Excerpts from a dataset
◇ ◇ ◇

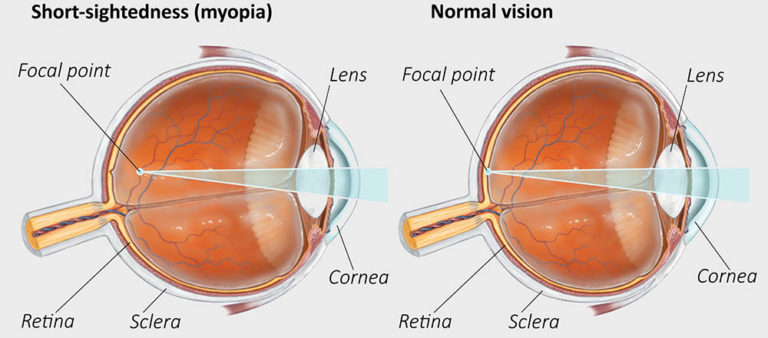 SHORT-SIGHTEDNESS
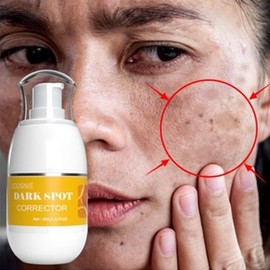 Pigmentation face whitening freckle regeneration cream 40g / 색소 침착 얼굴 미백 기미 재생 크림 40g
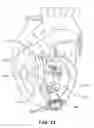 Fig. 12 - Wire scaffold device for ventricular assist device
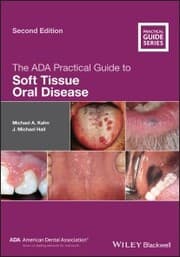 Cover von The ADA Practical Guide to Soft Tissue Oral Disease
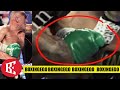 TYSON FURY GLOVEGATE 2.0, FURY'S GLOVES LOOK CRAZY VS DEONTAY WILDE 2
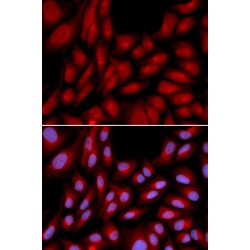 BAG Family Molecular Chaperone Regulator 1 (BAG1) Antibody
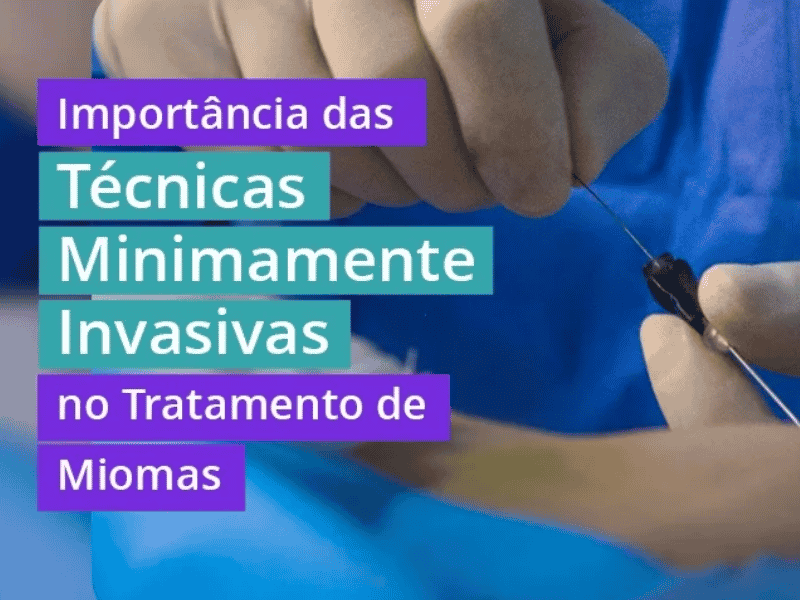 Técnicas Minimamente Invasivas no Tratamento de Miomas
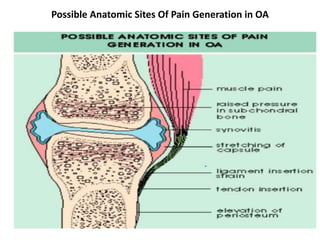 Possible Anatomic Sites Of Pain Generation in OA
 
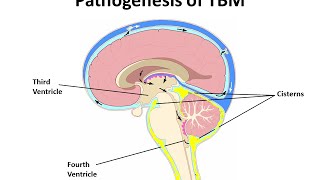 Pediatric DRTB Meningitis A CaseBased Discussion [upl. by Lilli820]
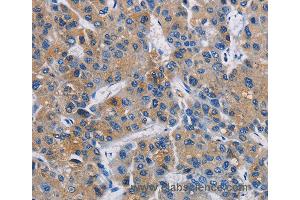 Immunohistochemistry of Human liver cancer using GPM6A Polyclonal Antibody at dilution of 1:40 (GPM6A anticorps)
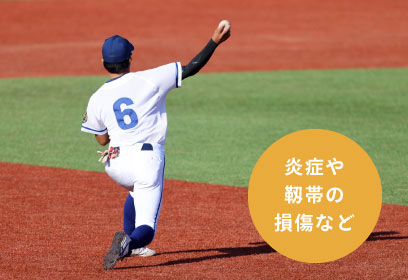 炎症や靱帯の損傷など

◇ ◇ ◇

[Exercise requirements]: No pictures should appear in the answer, which is to be the lines from the line with "Possible Anatomic Sites" through the end of the records above, restated exactly.

[Solution to this problem]:
 Possible Anatomic Sites Of Pain Generation in OA
 
 Pediatric DRTB Meningitis A CaseBased Discussion [upl. by Lilli820]
 Immunohistochemistry of Human liver cancer using GPM6A Polyclonal Antibody at dilution of 1:40 (GPM6A anticorps)
 炎症や靱帯の損傷など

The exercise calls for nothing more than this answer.